Besser Rippen brechen als Nichtstun |
Man kann bei einem Herzstillstand nur drei Dinge falsch machen. 1. gar nichts tun, 2. den Betroffenen in die stabile Seitenlage bringen und 3. nicht fest genug bei der Herzmassage drücken. Am besten ist regelmäßiges Üben im Erste-Hilfe-(Auffrischungs-)Kurs. / © Getty Images/Seksan Mongkhonkhamsao
Einen Erste-Hilfe-Kurs sollte jeder machen und am besten regelmäßig wiederholen. Aber auch, wer sich nicht ganz fit fühlt, sollte nicht untätig rumstehen, wenn jemand einen Herzstillstand erleidet. Professor Dr. Bernd Böttiger ist Bundesarzt des Deutschen Roten Kreuzes (DRK) und Vorstandsvorsitzender des Deutschen Rates für Wiederbelebung. Er fordert, dass Erste Hilfe im Schulunterricht deutschlandweit verpflichtend etabliert wird. Zum Welt-Erste-Hilfe-Tag am 13. September erklärt er, wie eine Herzdruckmassage funktioniert und welche drei Fehler man in Notfällen vermeiden sollte.
Wie wichtig sind Ersthelfende beziehungsweise Laien, wenn es zu einem Kreislaufstillstand kommt?
Bernd Böttiger: Ihr schneller Einsatz ist im wahrsten Sinne des Wortes lebensrettend. Viele Menschen wissen nicht, dass man beim Kreislaufstillstand nicht abwarten darf, bis der Rettungsdienst eintrifft. Das wäre das Todesurteil für die betroffene Person.
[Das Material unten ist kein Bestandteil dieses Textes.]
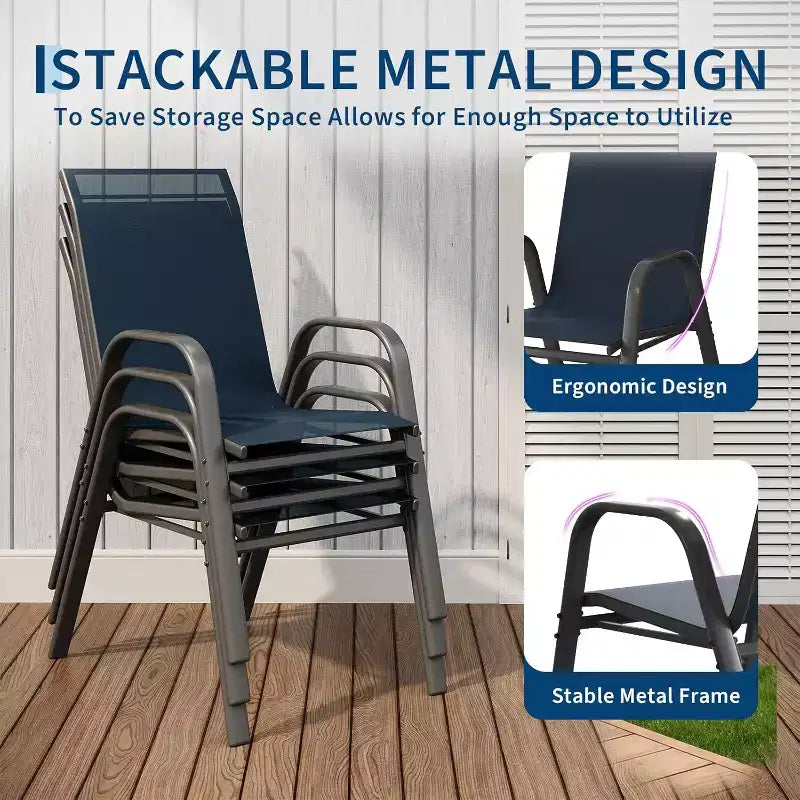 Terrassenstühle, stapelbares Outdoor-Esszimmerstuhlset mit 4/6 Stühlen aus wetterfestem, leichtem Textilene und Armlehnen für Garten und Poolbereich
Wenn das Herz nicht mehr schlägt, gelangt nämlich kein Blut und damit kein Sauerstoff mehr ins Gehirn. Dabei verbraucht das Gehirn mit seinen hoch entwickelten Nervenzellen rund 20 Prozent des Sauerstoffs, obwohl es nur ein bis zwei Prozent des Körpergewichts ausmacht. Schlägt das Herz nicht mehr, stirbt das Gehirn nach drei bis fünf Minuten. Der Rettungsdienst ist hierzulande im Median nach neun Minuten vor Ort.
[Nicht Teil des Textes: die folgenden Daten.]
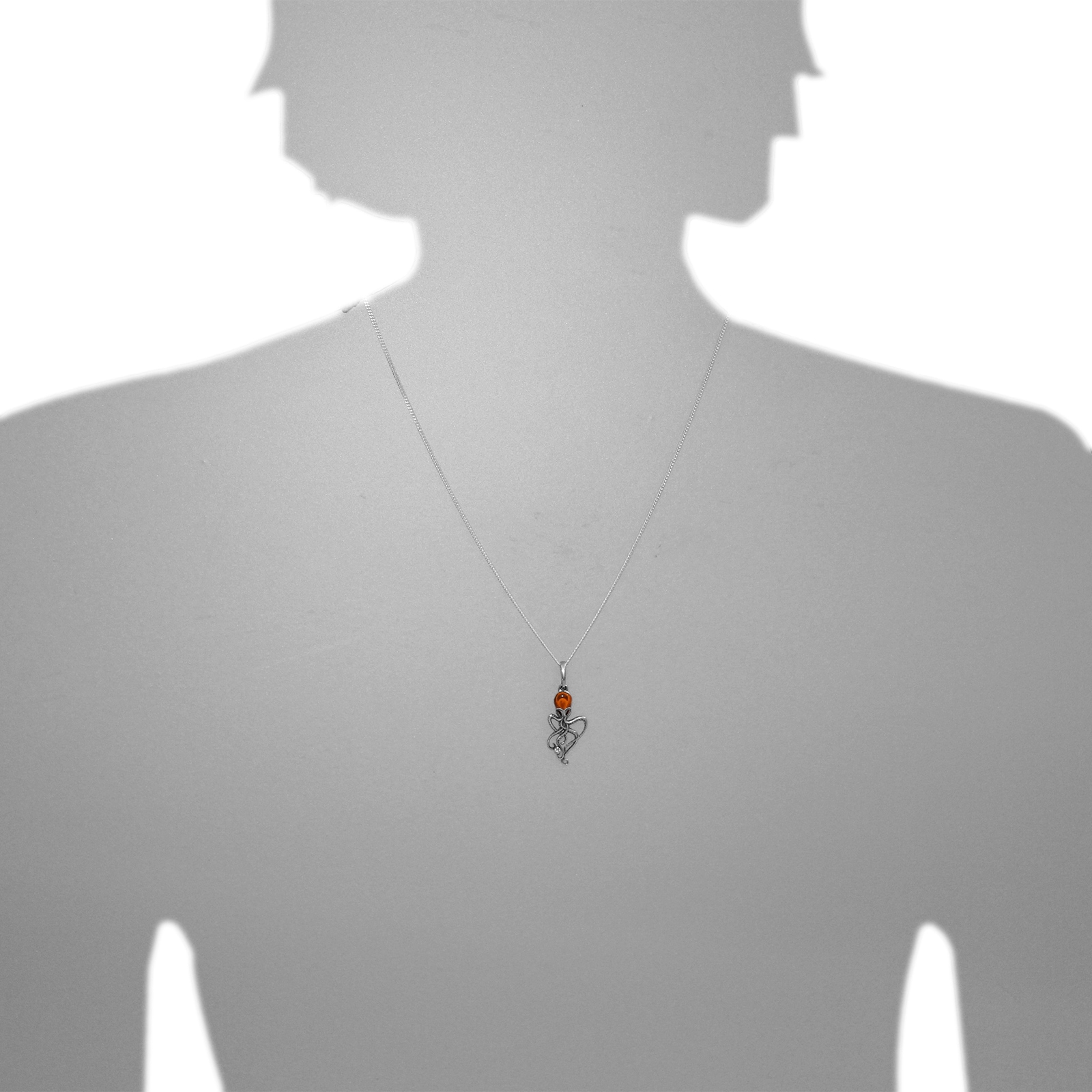 OSTSEE-SCHMUCK Kette mit Anhänger »- Tintenfisch - Silber 925/000 - Bernstein&Schmuckstein«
Hier kommen Ersthelferinnen und Ersthelfer ins Spiel: Ihre Aufgabe ist, die Zeit zu überbrücken. Und zwar, indem sie die Pumpfunktion des Herzens von außen übernehmen – mit einer Herzdruckmassage.
Wie erkenne ich als Ersthelfer oder Ersthelferin einen Herzstillstand – und wie gehe ich dann vor?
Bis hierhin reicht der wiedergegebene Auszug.